Entries provided

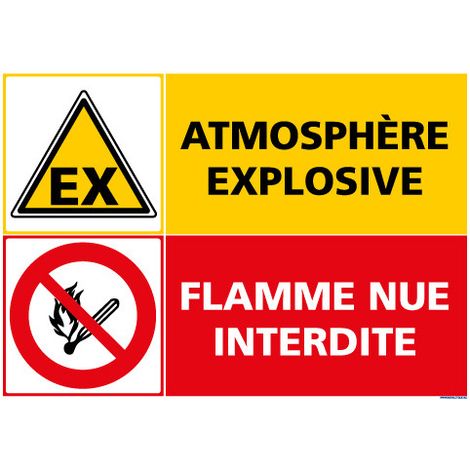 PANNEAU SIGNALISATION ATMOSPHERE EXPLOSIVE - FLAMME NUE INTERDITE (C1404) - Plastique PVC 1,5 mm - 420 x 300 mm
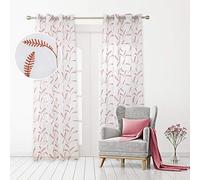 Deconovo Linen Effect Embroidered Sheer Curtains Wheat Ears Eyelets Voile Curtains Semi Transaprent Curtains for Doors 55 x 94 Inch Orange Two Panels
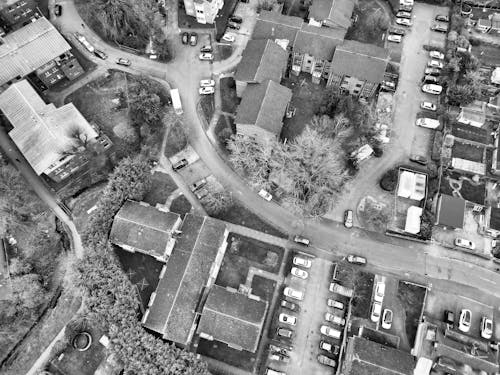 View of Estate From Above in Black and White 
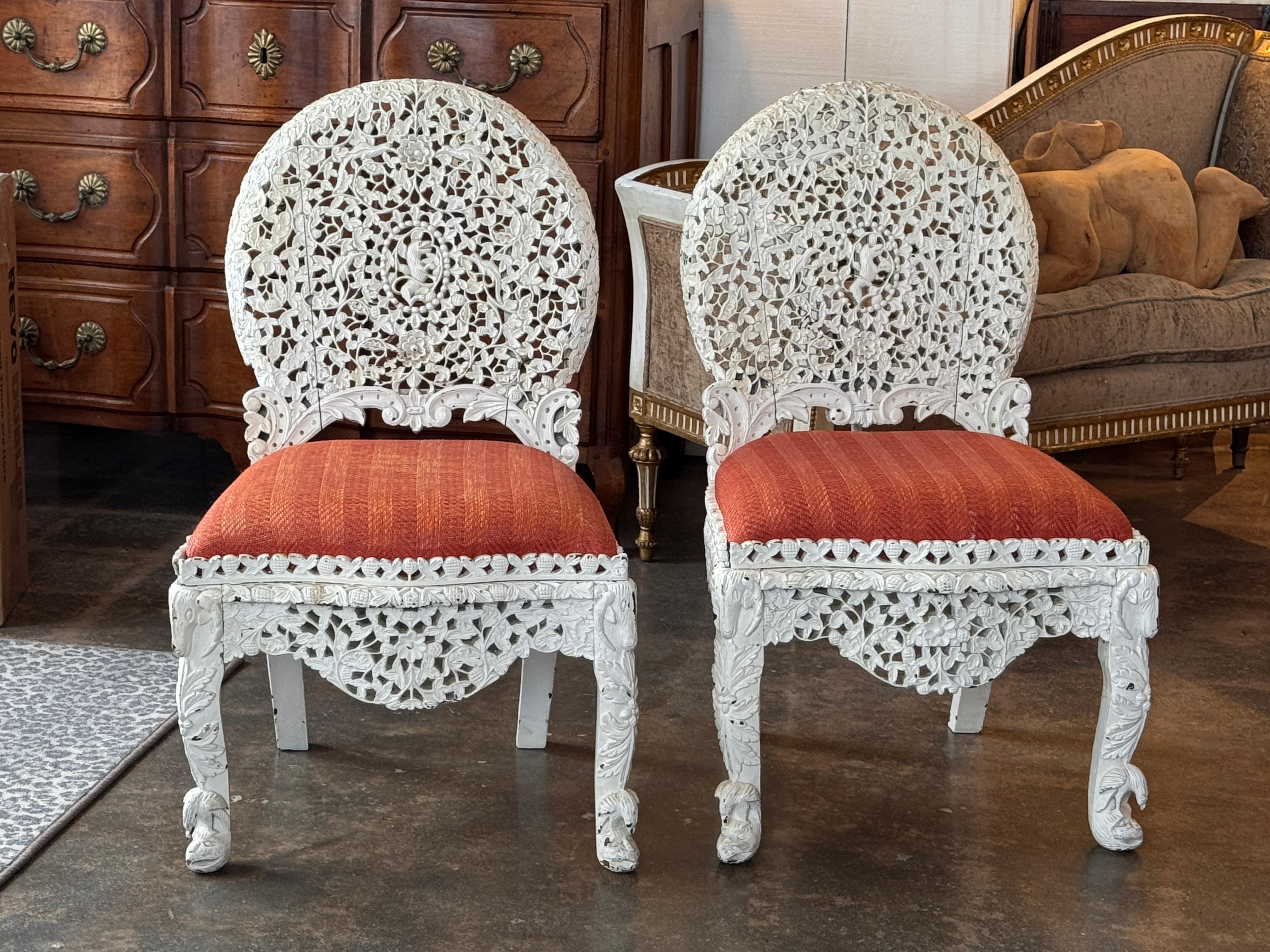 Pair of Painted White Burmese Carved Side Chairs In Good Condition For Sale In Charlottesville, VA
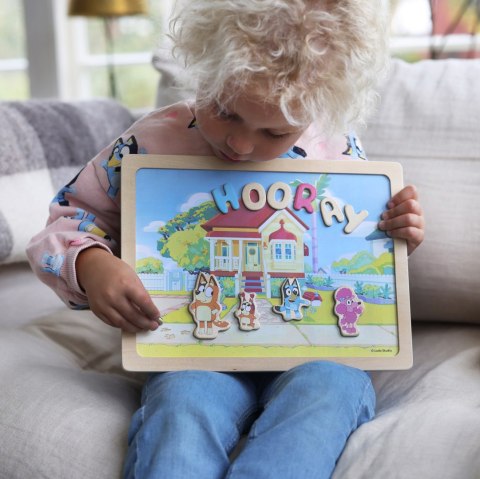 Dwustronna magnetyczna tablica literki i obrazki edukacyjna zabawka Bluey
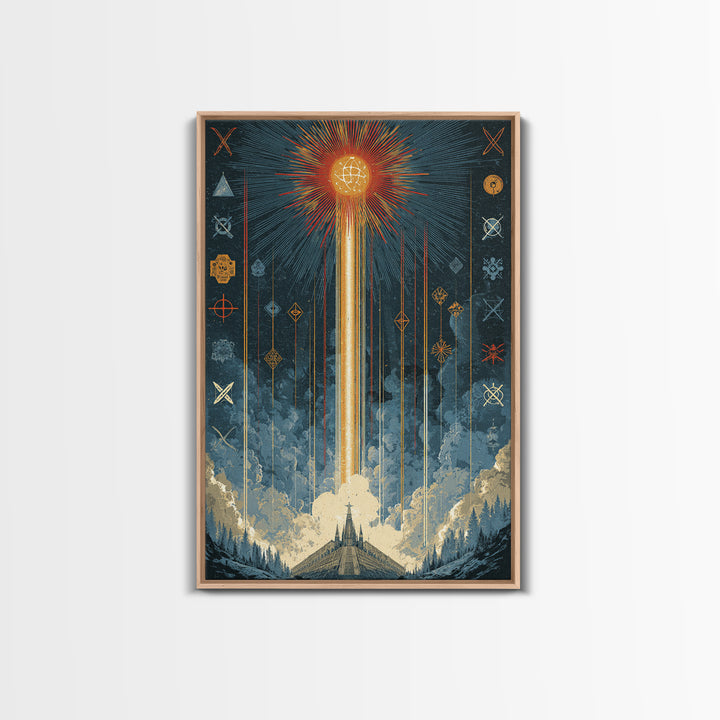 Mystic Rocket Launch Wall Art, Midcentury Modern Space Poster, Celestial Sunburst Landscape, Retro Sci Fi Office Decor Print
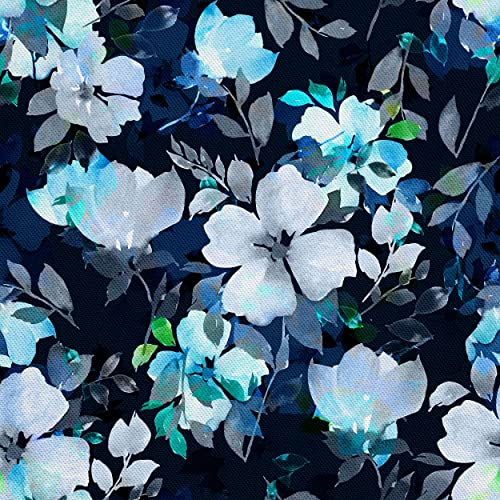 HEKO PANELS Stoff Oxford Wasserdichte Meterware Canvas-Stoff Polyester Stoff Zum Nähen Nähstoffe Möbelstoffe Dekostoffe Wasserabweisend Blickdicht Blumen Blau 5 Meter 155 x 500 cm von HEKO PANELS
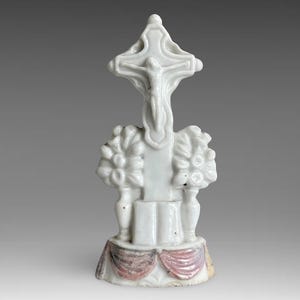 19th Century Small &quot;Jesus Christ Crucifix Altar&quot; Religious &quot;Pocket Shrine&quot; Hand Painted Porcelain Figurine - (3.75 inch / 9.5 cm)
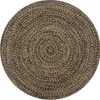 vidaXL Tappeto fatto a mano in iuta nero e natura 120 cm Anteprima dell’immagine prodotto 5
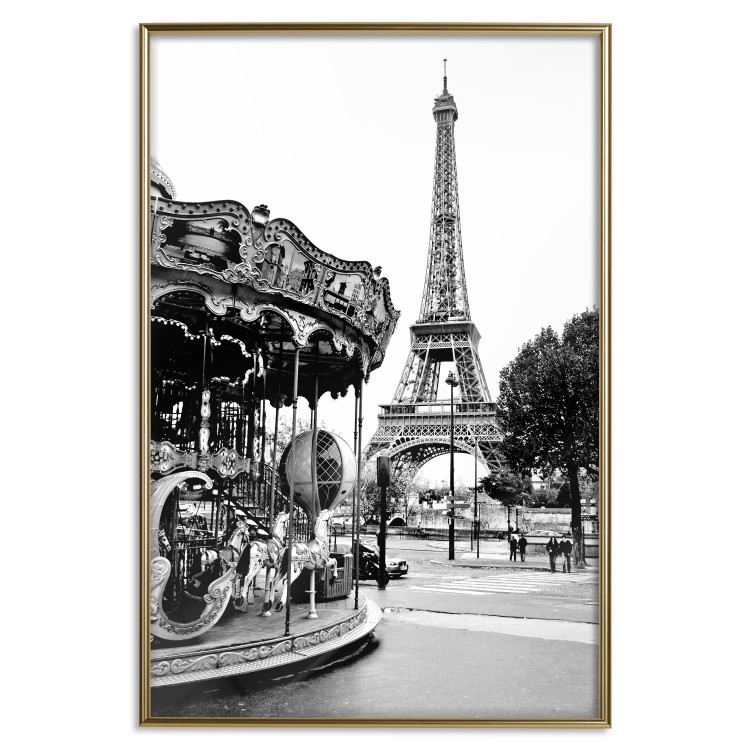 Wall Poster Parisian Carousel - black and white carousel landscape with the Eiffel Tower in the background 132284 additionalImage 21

...

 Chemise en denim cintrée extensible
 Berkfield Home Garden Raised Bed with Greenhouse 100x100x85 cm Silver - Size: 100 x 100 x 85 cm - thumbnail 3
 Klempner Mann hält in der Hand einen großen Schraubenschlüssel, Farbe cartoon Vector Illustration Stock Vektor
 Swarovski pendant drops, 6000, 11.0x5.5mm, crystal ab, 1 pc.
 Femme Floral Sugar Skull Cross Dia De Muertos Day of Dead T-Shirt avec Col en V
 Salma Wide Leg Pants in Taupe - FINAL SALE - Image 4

The task
For this exercise, set down the lines in the entries above from the one with "View of Estate" through the one with "Mystic Rocket Launch" exactly as written, without any pictures.

Exercise response
 View of Estate From Above in Black and White 
 Pair of Painted White Burmese Carved Side Chairs In Good Condition For Sale In Charlottesville, VA
 Dwustronna magnetyczna tablica literki i obrazki edukacyjna zabawka Bluey
 Mystic Rocket Launch Wall Art, Midcentury Modern Space Poster, Celestial Sunburst Landscape, Retro Sci Fi Office Decor Print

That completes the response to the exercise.